Notre travail cherche à :

-Déterminer et analyser les facteurs qui empêchent le Sénégal d'introduire les LN dans le SEF.

-Faire part aux chercheurs et politiques des dits facteurs afin qu'ils s'investissent dans une logique d'action et de résolution pragmatique et durable.

- Déterminer des stratégies d'introduction et de maintien des LN dans le système éducatif sénégalais.

1-7.Hypothèses de la recherche

L'usage du français comme langue d'enseignement dans les écoles du Sénégal de la colonisation jusqu'à nos jours, est demeurée un instrument administratif d'un poids décisif. L'ensemble de l'appareil étatique reste régi par des textes en français : « le français demeure la langue privilégiée de la diplomatie et de la politique sénégalaise : c'est la langue de l'autorité, celle de l'Etat » précise P.DUMONT

Ainsi, pour être bien considéré ou se valoriser dans certains milieux administratifs socioprofessionnels, il faudrait faire « preuve d'une bonne élocution en français ».Certains sénégalais continuent à croire que la bonne maitrise de la langue française est synonyme `'d'éveil'', de `'progression'' ou de `'civilisation''25.

C'est à cet état de fait et de croyance que mon objet de recherche s'oriente en partant des hypothèses ci-dessous :

25 Souleymane GOMIS, 2003, op.cit, p18.

Hypothèse principale

-La velléité politique linguistique de l'Etat du Sénégal (des décideurs politiques), conséquence des représentations sociales des LN par la société sénégalaise et de la reproduction de la violence symbolique linguistique hélas, véhiculée par l'administration coloniale, constitue un facteur de blocage pour l'introduction des LN dans l'éducation formelle.

Hypothèse secondaire

-Les parents d'élève en tant qu'acteurs socioéducatifs ne sont pas contre l'enseignement des LN à l'école mais sont mal informés sur les programmes et politiques éducatifs mis en oeuvre par l'Etat.

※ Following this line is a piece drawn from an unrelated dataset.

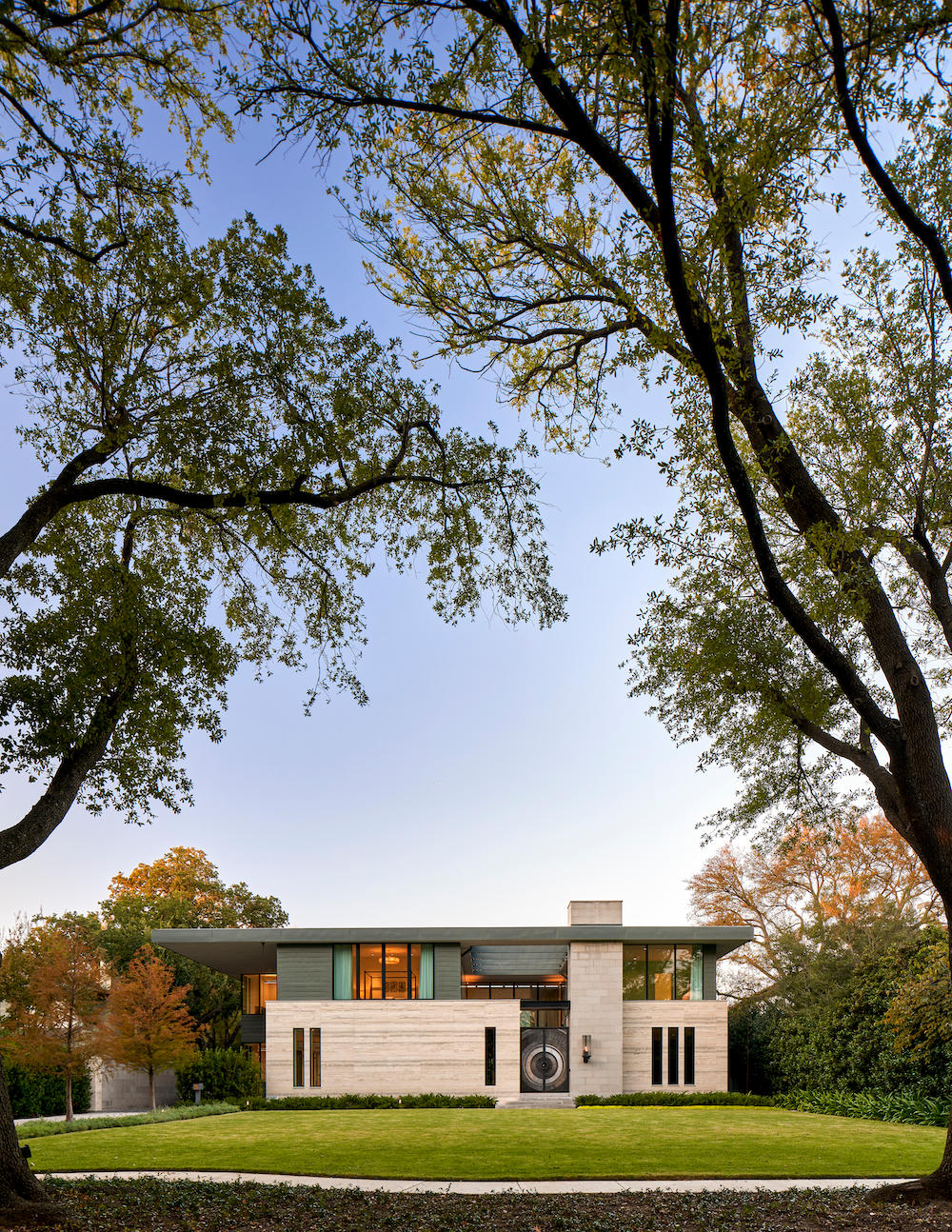 modern home exterior with glass and steel details.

En effet, dans la perspective de vérifier nos hypothèses nous nous proposons par le biais de l'empirie de recueillir la conception des acteurs professionnels et socioéducatifs tels que les inspecteurs de l'enseignement, les actuels et anciens enseignants, les parents d'élèves, les chefs d'établissement, les maitres expérimentateurs, les membres de syndicat de l'enseignement, les élus locaux (maire, conseillers régionaux etc.).

I-8.Analyse conceptuelle

Cette partie sera le point de procéder à une définition des concepts de nos hypothèses qui font l'objet de notre étude. Qu'est ce que conceptualiser ? WEBER l'a définit par sa finalité : le but du concept, c'est de dominer la réalité par la pensée, un enjeu soumis à conditions, mais aussi exposé à l'échec. Il s'agit de comprendre ; non seulement d'expliquer par la (ou les)causes(s)prochaine(s), mais de rassembler à un tout indicatif tous les signes qui contribuent à « faire sens », en signifiant pour commencer la fin par rapport à laquelle s'ordonnent tous ces signes26. En effet, notre étude cherchera à éclairer les concepts suivants : Education formelle, politique linguistique, reproduction, violence symbolique linguistique et représentation sociale.

*Education formelle

Le mot éducation vient du latin « e-décerne » qui signifie conduire à partir de ; c'est-à-dire tirer d'un état pour conduire à un autre.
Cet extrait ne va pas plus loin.